Professor Andrew Watterson, an environmental health expert from the University of Stirling, warned that noise risks were often neglected or downplayed. “The noise from large scale fracking, with multiple wells in highly populated areas as proposed in Scotland’s central belt, presents significant and serious threats to the physical and mental health of communities,” he said.
“The effects of noise across the whole fracking lifecycle – from transport in construction and well operation, machinery in production and decommissioning – must be taken far more seriously than has hitherto been the case in the UK when considering whether or not fracking should go ahead.”

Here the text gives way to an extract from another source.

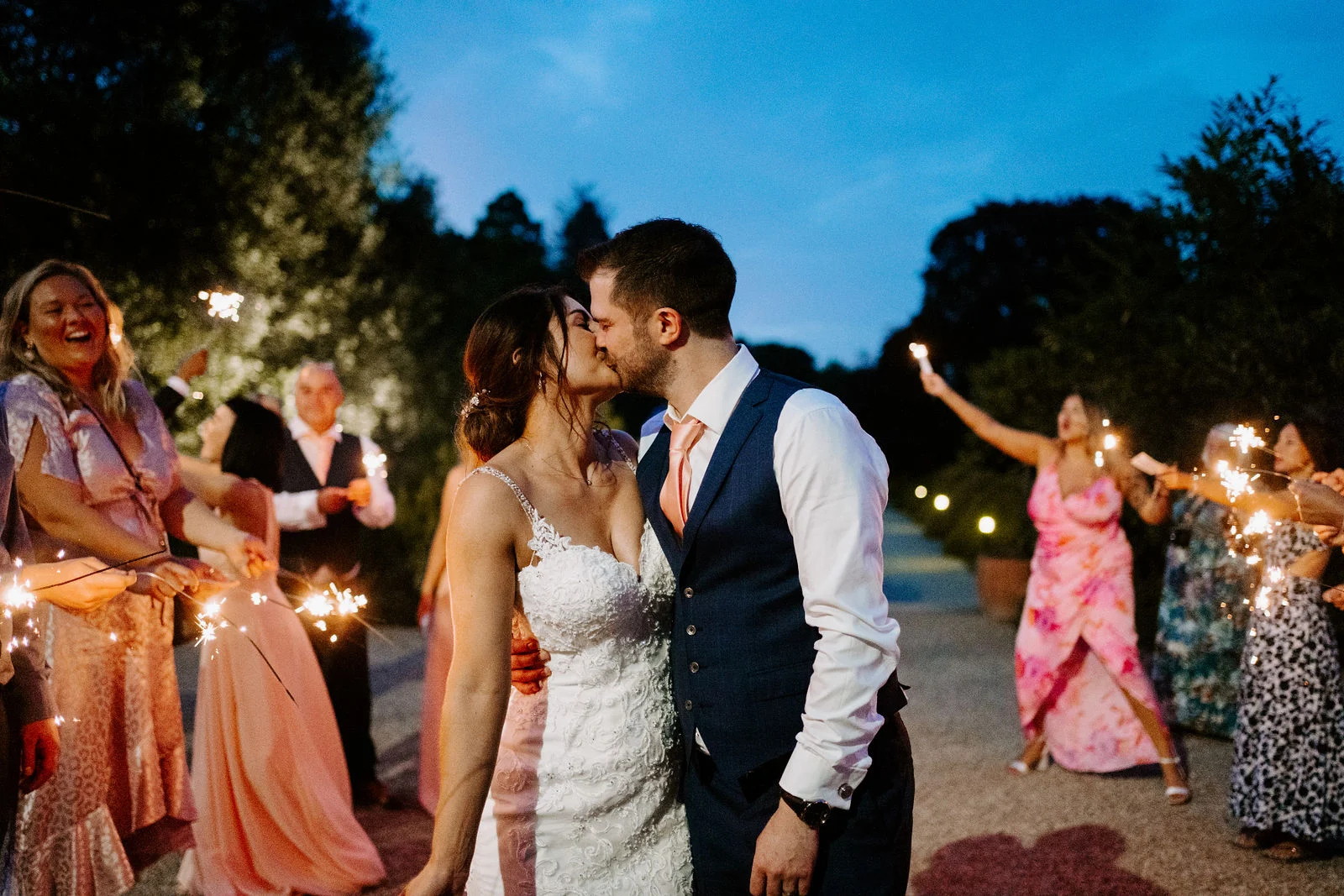 A bride and groom kiss outdoors at dusk while guests in bright dresses hold sparklers around them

Mary Church, head of campaigns at Friends of the Earth Scotland, argued that many people in the central belt would be impacted by noise at home and work if fracking went ahead. “From climate change and water contamination to noise pollution and lower house prices, fracking comes with risks that far outweigh any possible economic gains,” she said.
She welcomed the forthcoming public consultation. “Given the damning evidence from the Scottish Government’s own research and massive public opposition, there can only be one logical outcome from this consultation: Scotland must ban fracking for good.”

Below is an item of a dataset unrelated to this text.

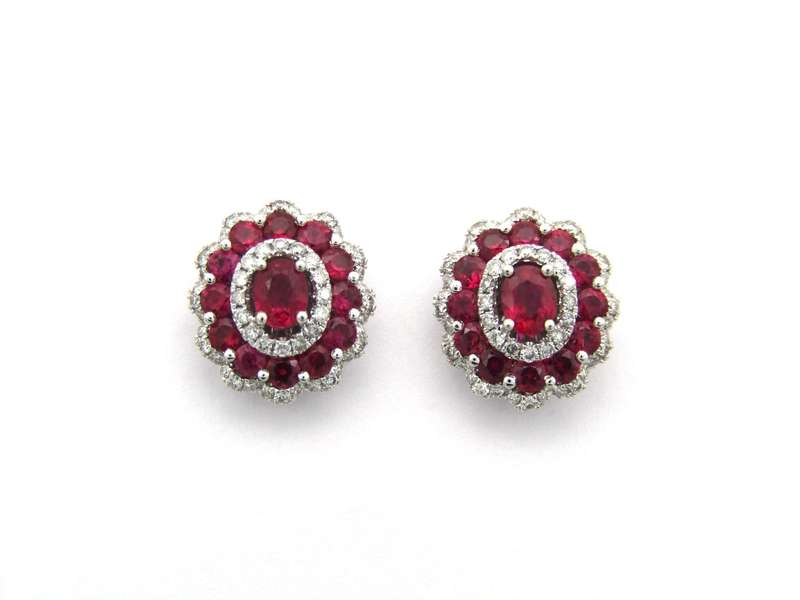 18K gold ruby and diamond earrings.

Church pointed out that fracking was also subject to a moratorium or a ban in Wales, Northern Ireland, the Netherlands, Denmark, Germany, France, Bulgaria and the Czech Republic, as well as in regions of Spain, Belgium, Canada, Australia and the US.
Labour’s environment spokeswoman, Claudia Beamish MSP, is currently consulting on a draft member’s bill in the Scottish Parliament to ban fracking. “This study is the latest example of the very real health concerns around fracking,” she said.
“The climate science and evidence is clear – the last thing we need is another fossil fuel. We need to fulfil Scotland’s renewables potential and we can’t do that if we allow fracking in our communities.”
One of the main companies keen to frack central Scotland is the Swiss-based petrochemical giant, INEOS, which operates plants at Grangemouth. It argued that fracking was safe and would bring major financial and societal benefits.
“Noise is a feature of any construction activity and the impacts and mitigation measures are assessed within the planning system,” said the company’s communications manager, Richard Longden.
“We hope the Scottish public will see past the narrow views of a vocal minority and that politicians will think about the economic prospects for Scotland as a whole in coming to a considered rather than tribal decision.”
UK Onshore Oil and Gas (UKOOG), which represents the fracking industry, pointed out that operators were subject to noise limits and prepared plans to manage noise. “We hope that the launch of this consultation can lead to a reasoned debate across a wider audience about the future of the onshore oil and gas industry in Scotland,” said a UKOOG spokesman.
Studies done for the Scottish Government clearly demonstrated the case for lifting the moratorium on unconventional oil and gas development in Scotland, he argued. “As an industry based on over 50 years of experience both onshore and offshore, we are confident that hydraulic fracturing can be done safely and environmentally sensitively within the regulatory environment in Scotland.”
The Scottish Government stressed that fracking could not currently take place because of its moratorium. It had taken “a cautious and evidence-led approach” and published a comprehensive set of independent research reports.
A government spokesman confirmed that it would “imminently” invite contributions to a public consultation on fracking. “Once the consultation results have been analysed, Scottish ministers will then make their recommendation and put that to a vote in the Scottish Parliament later this year,” he said.
“Following that vote, the Scottish Government will finalise its decision, before the end of 2017, on whether fracking should be allowed.”
A version of this story was published in the Sunday Herald on 29 January 2017.